• [Work order] Write out the records that follow exactly. Do not include pictures.

• [Supplied material]
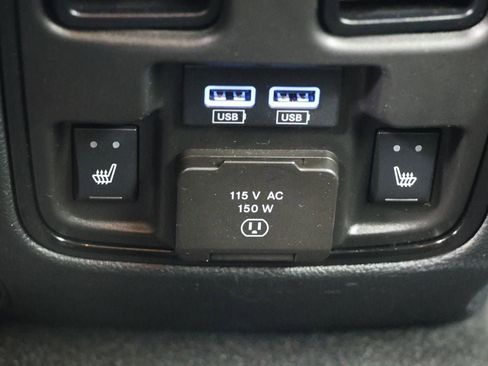 Used 2025 Dodge Durango GT AWD/4WD image 13
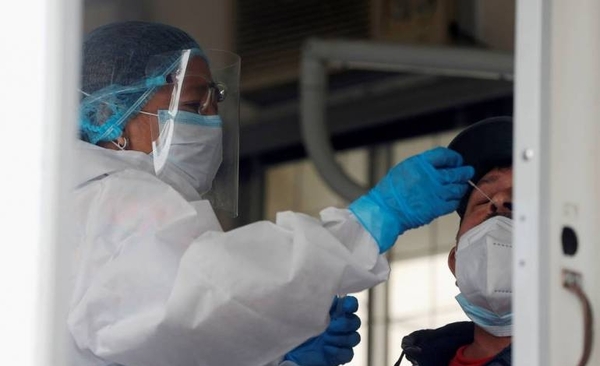 Diario HOY | Los casos COVID bajan en el mundo, pero suben las muertes, según OMS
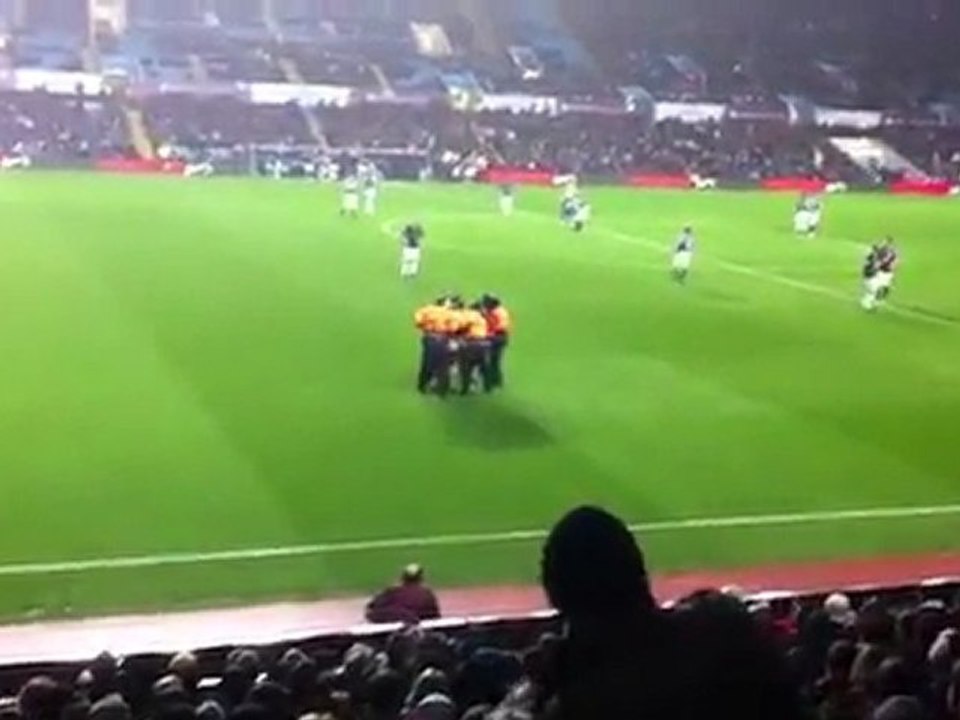 Fan cuồng khỏa thân đại náo sân Villa Park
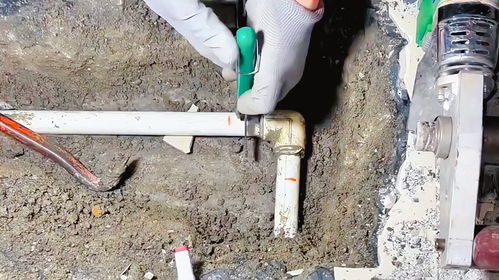 跟著水電工學本事,天天干的都是熱熔水管,這技術什么時候能出師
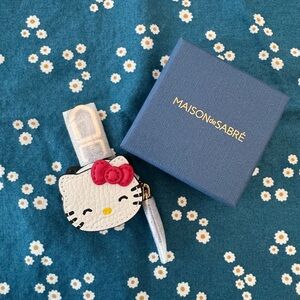 Hello Kitty x Maison de Sabré Sabrémoji Charm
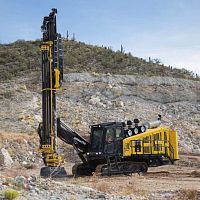 Blasthole drilling rig ZT44rotarydown-the-holehydraulic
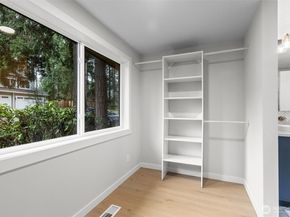 3901 151st Avenue SE, Bellevue WA 98006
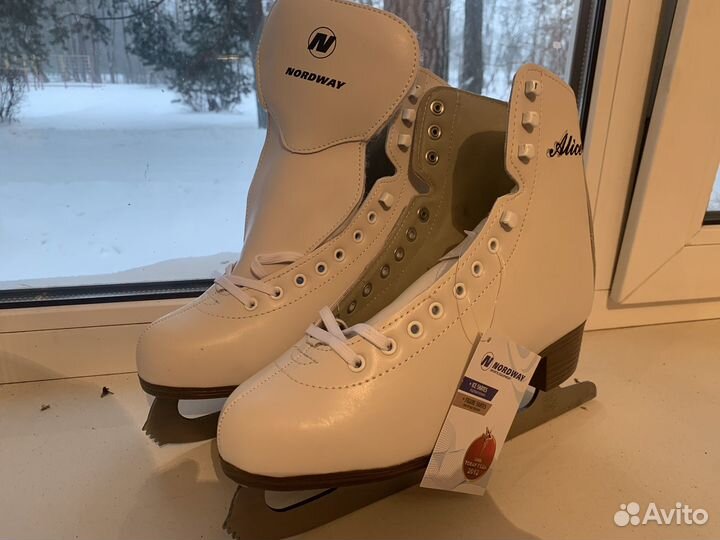 Новые коньки фигурные Nordway Alece(40 размер)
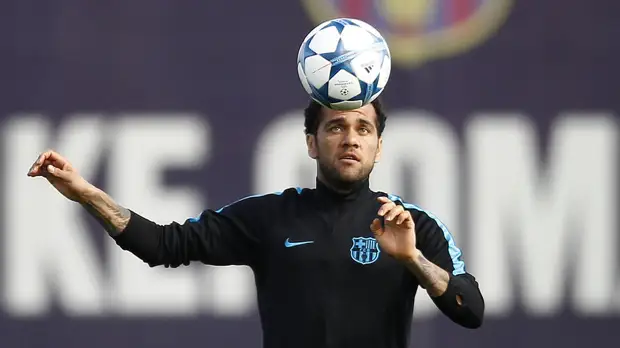 Дани Алвес прокомментировал своё возвращение в «Барселону»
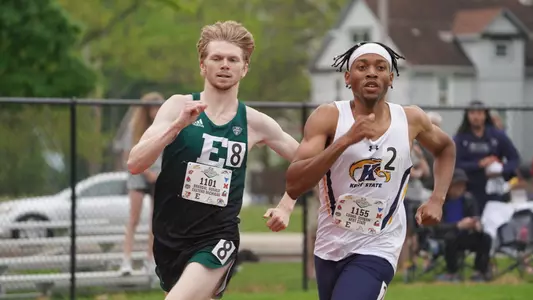 Ronnie Brandal running at the 2023 MAC Outdoor Championships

• [Problem solution]
 Used 2025 Dodge Durango GT AWD/4WD image 13
 Diario HOY | Los casos COVID bajan en el mundo, pero suben las muertes, según OMS
 Fan cuồng khỏa thân đại náo sân Villa Park
 跟著水電工學本事,天天干的都是熱熔水管,這技術什么時候能出師
 Hello Kitty x Maison de Sabré Sabrémoji Charm
 Blasthole drilling rig ZT44rotarydown-the-holehydraulic
 3901 151st Avenue SE, Bellevue WA 98006
 Новые коньки фигурные Nordway Alece(40 размер)
 Дани Алвес прокомментировал своё возвращение в «Барселону»
 Ronnie Brandal running at the 2023 MAC Outdoor Championships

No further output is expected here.